Among the entries that follow, the required portion opens with the line containing "Saudi Goblin #2191" and closes with the line containing "VISIONAPARTMENTS Rue Caroline". Give that portion again exactly, and nothing else.

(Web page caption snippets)
Content starts
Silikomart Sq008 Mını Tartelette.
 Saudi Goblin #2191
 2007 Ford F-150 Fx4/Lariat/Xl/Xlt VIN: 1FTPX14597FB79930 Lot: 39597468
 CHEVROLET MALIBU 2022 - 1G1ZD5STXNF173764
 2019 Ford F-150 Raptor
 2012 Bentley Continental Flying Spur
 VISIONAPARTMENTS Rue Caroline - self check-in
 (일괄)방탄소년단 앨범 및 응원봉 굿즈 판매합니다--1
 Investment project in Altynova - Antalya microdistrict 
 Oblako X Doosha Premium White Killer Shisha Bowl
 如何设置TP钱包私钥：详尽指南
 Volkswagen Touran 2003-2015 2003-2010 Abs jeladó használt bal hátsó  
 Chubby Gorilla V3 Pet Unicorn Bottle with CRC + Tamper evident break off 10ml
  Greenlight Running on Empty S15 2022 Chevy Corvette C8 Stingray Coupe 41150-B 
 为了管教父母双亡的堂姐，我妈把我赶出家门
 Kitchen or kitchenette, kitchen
Content ends
• **Output below**
 Saudi Goblin #2191
 2007 Ford F-150 Fx4/Lariat/Xl/Xlt VIN: 1FTPX14597FB79930 Lot: 39597468
 CHEVROLET MALIBU 2022 - 1G1ZD5STXNF173764
 2019 Ford F-150 Raptor
 2012 Bentley Continental Flying Spur
 VISIONAPARTMENTS Rue Caroline - self check-in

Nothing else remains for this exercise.